To investigate the suitability of BioBLU 0.3c Single-Use Vessels for the scalable production of multipotent stem cells, we cultured hMSCs-BM in parallel on two microcarriers types. Cytodex type 1 microcarriers are based on a dextran matrix covered with positively charged groups, while a layer of denatured collagen is covalently bound on the Cytodex type 3 dextran surface. One possibility to expand cells in a microcarrier culture is the use of a technique called bead-to-bead transfer. By adding fresh microcarriers into the existing culture, cells can switch from one carrier to another, and start to grow on the empty beads ^{[2, 3, 4]}.
This allowed us to avoid subculturing techniques traditionally used with adherent cells.
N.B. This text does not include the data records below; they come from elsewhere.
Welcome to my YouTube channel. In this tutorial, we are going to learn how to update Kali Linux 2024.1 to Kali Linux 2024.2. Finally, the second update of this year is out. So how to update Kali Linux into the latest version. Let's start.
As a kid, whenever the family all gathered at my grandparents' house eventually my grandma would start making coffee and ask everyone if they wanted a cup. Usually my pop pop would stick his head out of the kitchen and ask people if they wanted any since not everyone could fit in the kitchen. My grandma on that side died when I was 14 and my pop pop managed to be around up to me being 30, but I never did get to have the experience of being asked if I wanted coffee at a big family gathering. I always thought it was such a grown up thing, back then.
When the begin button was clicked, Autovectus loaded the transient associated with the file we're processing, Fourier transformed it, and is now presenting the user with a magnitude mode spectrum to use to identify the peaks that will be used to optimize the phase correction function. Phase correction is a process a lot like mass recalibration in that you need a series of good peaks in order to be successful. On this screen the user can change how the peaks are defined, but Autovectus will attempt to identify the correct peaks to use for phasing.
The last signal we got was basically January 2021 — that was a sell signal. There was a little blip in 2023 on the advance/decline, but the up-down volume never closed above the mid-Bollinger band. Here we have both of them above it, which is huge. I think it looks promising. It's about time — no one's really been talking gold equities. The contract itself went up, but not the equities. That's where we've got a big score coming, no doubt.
When stained cells were visible on all beads (detected by MTT coloration) we added fresh microcarriers to offer additional growth surface (Fig. 1A-D). We obtained the best proliferation rate on Cytodex type 1 microcarriers (Fig. 1E). The cell number increased 17.5 fold to a maximum cell density of 1 x 10⁸ cells/bioreactor at day 14, corresponding to 4 x 10⁵ cells/mL. On Cytodex type 3 microcarriers, 20 days of culture were needed to reach a maximum cell number of 7 x 10⁷ cells per bioreactor, which is 11.5-fold higher than the initial seeded quantity and corresponds to 2.5 x 10⁵ cells/mL. Glucose monitoring revealed a rapid nutrient consumption of the hMSC-BM culture on both microcarrier types.
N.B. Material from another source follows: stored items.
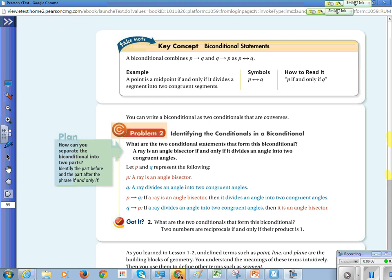A key concept of a biconditional statement is that it combines P implies Q and Q implies P, written with a double arrow — it's true either way you say it. For example: a point is a midpoint if and only if it divides the segment into two congruent segments. You can also write a biconditional as two conditionals that are converses of each other, going the opposite direction.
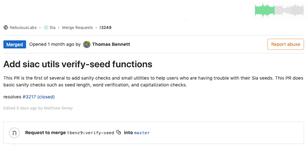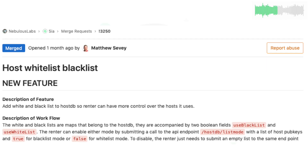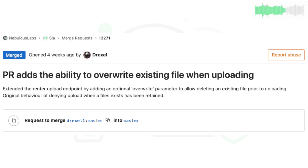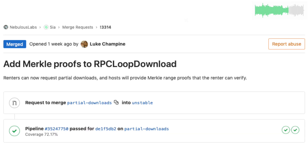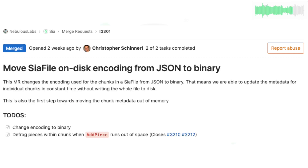T-Benz's suite of tools for verifying the accuracy of seeds was merged into the code. Matt's host whitelist/blacklist functionality was officially merged as well, allowing a renter to pick and choose preferred hosts. Drexel contributed an MR to add the ability to overwrite existing files when uploading. Luke merged the feature enabling partial downloads to be validated. And Chris's code for updating parts of the SIA file format instead of the whole file was merged as well.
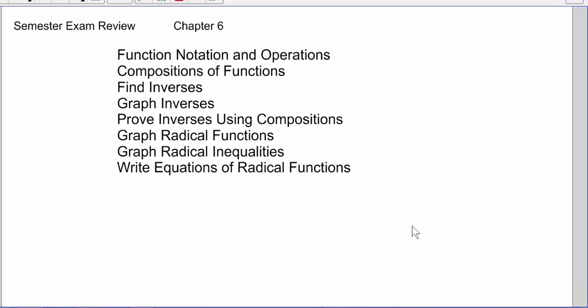Here are the topics for Chapter 6 you're going to need to know for the semester exam. You've got your function notations, compositions of functions, inverses, and graphs of inverses.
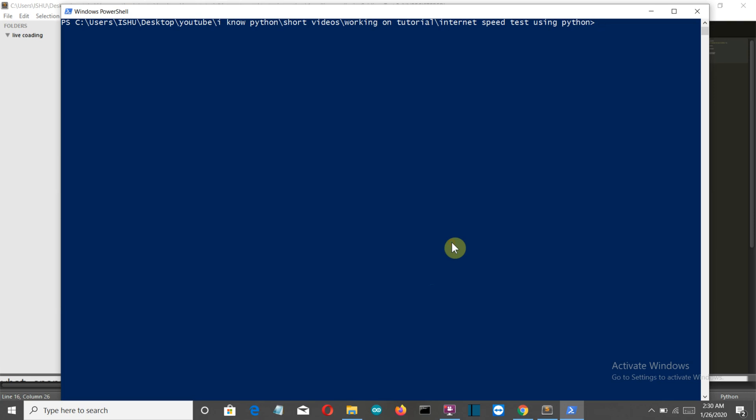Hello Python programmers. In this video I'm going to show you how to find the upload, download, and ping of your internet connection using Python. You need only one package called speedtest - this video is all about exploring this package.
As a result of glucose consumption and feeding, the glucose concentration varied in a characteristic pattern, but never dropped below 0.1 g/L (not shown). As by-products of their glucose metabolism, the cells produce metabolites, such as lactate and ammonia, which accumulate in the medium (not shown). High lactate concentrations can affect hMSCs growth as well as cell morphology. We maintained the lactate concentration below 25 nM to ensure that a concentration of 35.4 nM, which was found to inhibit growth^[5], was never reached.
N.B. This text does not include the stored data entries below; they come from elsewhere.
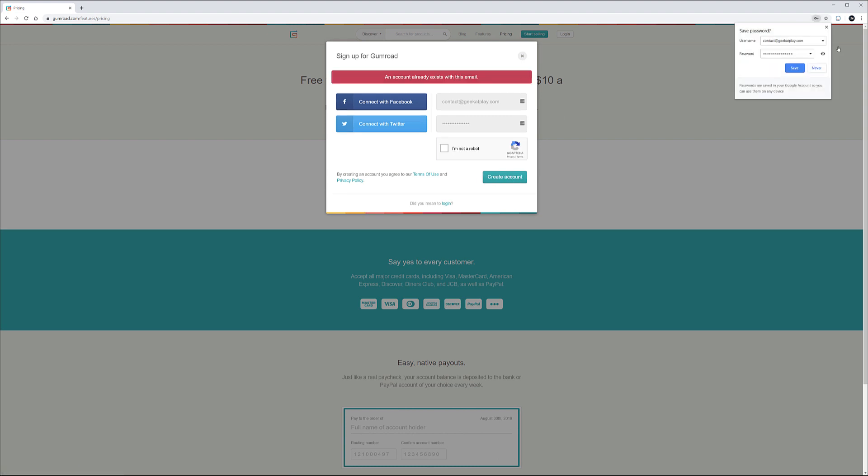Notice right here it comes up and tells that account already exists. So it's kind of nice because I did use it before this email and it seems like it's still there. So let's go ahead and switch this to different.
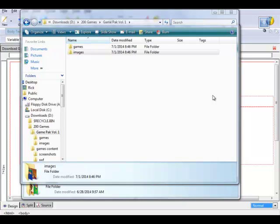In this series of videos I'm going to show you how to create a game software with the Easy Software Maker program, using the 200 game bonus pack that I gave you with your purchase. I'm going to create a game pack of five games, then create an HTML page that leads to an upsell for a second game pack.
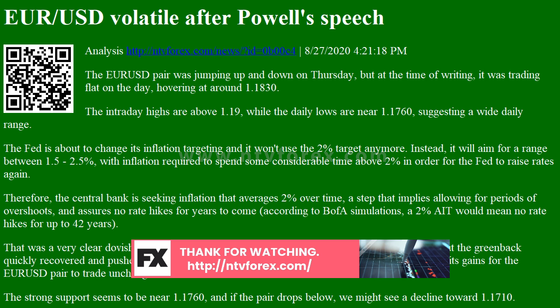That was a very clear dovish message, which sent the USD sharply lower in the initial reaction, but the greenback quickly recovered and pushed to daily highs below 1.1760 against the euro. It then retraced all of its gains for the EUR/USD pair to trade unchanged.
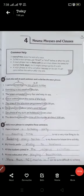Students, now we start unit number 4 of grammar skill. Open your books at page number 15. Nouns, phrases and clauses. As all of you know, a noun is a naming word — that is, a name of a person, place or thing.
Multipotency analysis of hMSCs-BM
To confirm that hMSCs-BM cultured in BioBLU 0.3c Single-Use Vessels retained their differentiation capacity, we used them for in vitro osteogenic and chondrogenic differentiation assays. We obtained equivalent results with cells cultured on Cytodex type 1 and 3 microcarriers. Osteogenic differentiation is divided into three stages: cell proliferation (from day 1 to 4), extracellular matrix maturation (from day 5 to 14), and finally, matrix mineralization (from day 14 to 28). This last step is characterized by high expression of osteocalcin and osteopontin, followed by calcium and phosphate deposition^[6]. Bone is composed of the organic protein collagen and the inorganic mineral hydroxyapatite. Bone mineralization can be quantified by specific staining of the hydroxyapatite portion. Bone mineralization was detectable already after 14 days of induction and was clearly increased at day 21. Hydroxyapatite was only detected on induced cells (Fig. 2A). After 21 days of osteogenic lineage induction, calcium deposits, indicating the matrix mineralization phase, were furthermore detected by Alizarin Red S staining on induced hMSCs-BM, while we observed no deposition in the not-induced negative control (Fig. 2B). Next we assessed chondrogenic differentiation, which is a complex, multistage process characterized by the production of cartilage-specific molecules such as type II collagen and proteoglycans. Detectable by Alcian Blue staining, proteoglycans are considered to be a marker of cell chrondrogenesis. After 14 days of chondrogenic lineage induction, we detected strong cartilage proteoglycan synthesis, while the level stayed low in the negative control (Fig. 3).

Conclusion
In summary, our results demonstrate that the DASbox Mini Bioreactor System equipped with BioBLU 0.3c Single-Use Vessels is suitable to expand multipotent stem cells in a safe and controlled manner.